Note 1. Description of the Transactions
On February 27, 2008, Nasdaq and OMX combined their businesses and Nasdaq was renamed The NASDAQ OMX Group, Inc., or NASDAQ OMX. The business combination was completed pursuant to the terms of an agreement with Borse Dubai Limited, a Dubai company, or Borse Dubai, dated November 15, 2007. Pursuant to that agreement, Borse Dubai conducted an offer to acquire all of the outstanding shares of OMX and subsequently, on February 27, 2008, sold the OMX shares acquired in the offer or otherwise owned by Borse Dubai or its subsidiaries to Nasdaq. Nasdaq acquired 117,227,931 OMX shares, representing 97.0% of the share capital of OMX for SEK 11,678,630,352 ($1.9 billion) in cash and 60,561,515 shares of Nasdaq common stock issued to Borse Dubai. Subsequently, Borse Dubai acquired an additional 2,013,350 shares of OMX and, on March 17, 2008, sold those OMX shares to us in exchange for SEK 533,537,750 ($0.1 billion) in cash, as a result of which we now own 98.8% of OMX’s outstanding shares.
As part of the business combination with OMX, on February 27, 2008, we also acquired 33 1/3% of the equity of DIFX in exchange for a contribution of $50 million in cash to DIFX and the entry into certain technology and trademark licensing agreements.
The business combination of Nasdaq and OMX and the acquisition of the equity interest in DIFX are collectively referred to herein as the Transactions.
Note 2. Basis of Presentation
The unaudited pro forma condensed combined financial statements are presented to illustrate the effects of the Transactions on the historical financial position and operating results of Nasdaq and OMX. We have excluded the material non-recurring charges or credits and related tax effects which resulted directly from our initial equity investment in DIFX. These charges or credits and related tax effects will be included in our income within 12 months succeeding the Transactions. The remaining effect of the DIFX transaction has been included in our pro forma condensed combined statement of income. In accordance with Regulation S-X we have also excluded the material non-recurring charges or credits and related tax effects related to our investment in the London Stock Exchange plc, or LSE, that were included in our statement of income for the year ended December 31, 2007. On September 25, 2007, Nasdaq, through its wholly-owned subsidiary Nightingale Acquisition Limited, sold shares, representing at that time 28.0% of the share capital of the LSE, to Borse Dubai for $1,590.7 million in cash. Nasdaq sold the substantial balance of its remaining holdings in the LSE in open market transactions for approximately $193.5 million in cash on September 26, 2007. Total proceeds from the sale of our holdings in the LSE were $1,784.2 million. As a result of the sale, Nasdaq recognized a $431.4 million pre-tax gain, which is net of $18.0 million of costs directly related to the sale, primarily broker fees. On September 28, 2007, Nasdaq used approximately $1,055.5 million of the proceeds from the above transactions to repay in full and terminate our then-outstanding credit facilities. The remaining effects of the LSE transaction have also been included in our pro forma statement of income. See Note 4, “Equity Investment in DIFX,” and Note 6, “LSE Related Transactions,” for further discussion.

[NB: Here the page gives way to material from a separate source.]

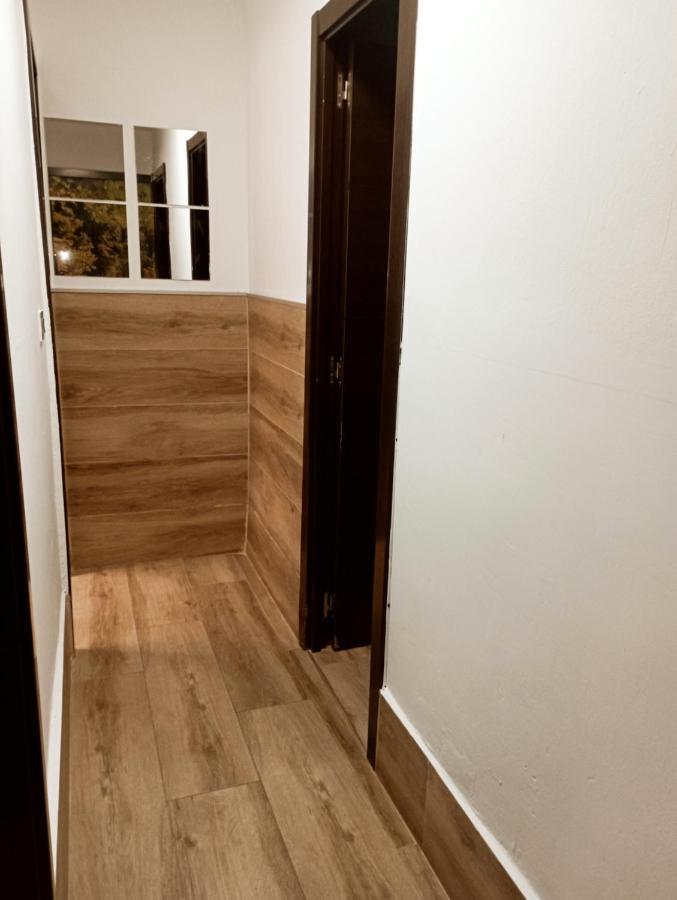Precioso Apartamento 3 Habitaciones. Con Patio. Камас Екстериор снимка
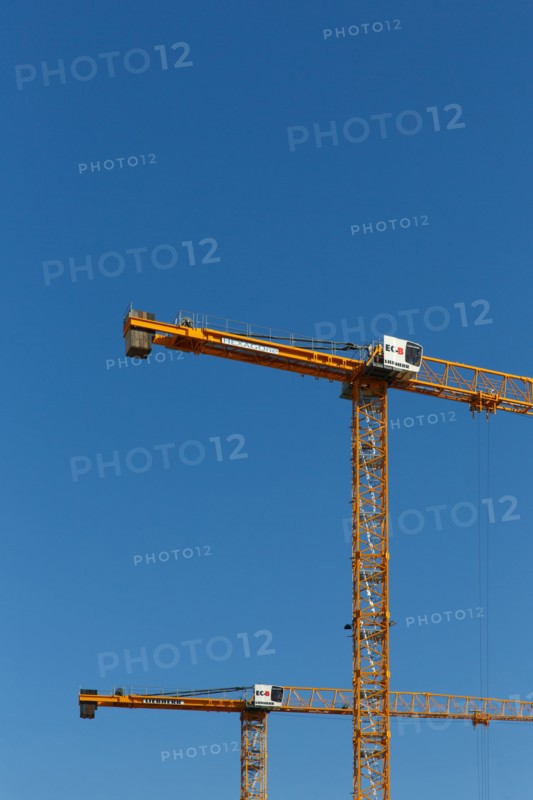 Grues de chantier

The unaudited pro forma condensed combined statement of income combines the historical consolidated statements of income of Nasdaq and OMX, giving effect to the Transactions as if they had been completed on January 1, 2007. The unaudited pro forma condensed combined balance sheet combines the historical consolidated balances sheets of Nasdaq and OMX, giving effect to the Transactions as if they had occurred on December 31, 2007.
The unaudited pro forma condensed combined financial statements have been prepared using the purchase method of accounting with Nasdaq treated as the acquirer, have been prepared in accordance with U.S. GAAP and should be read together with the separate financial statements of Nasdaq and OMX.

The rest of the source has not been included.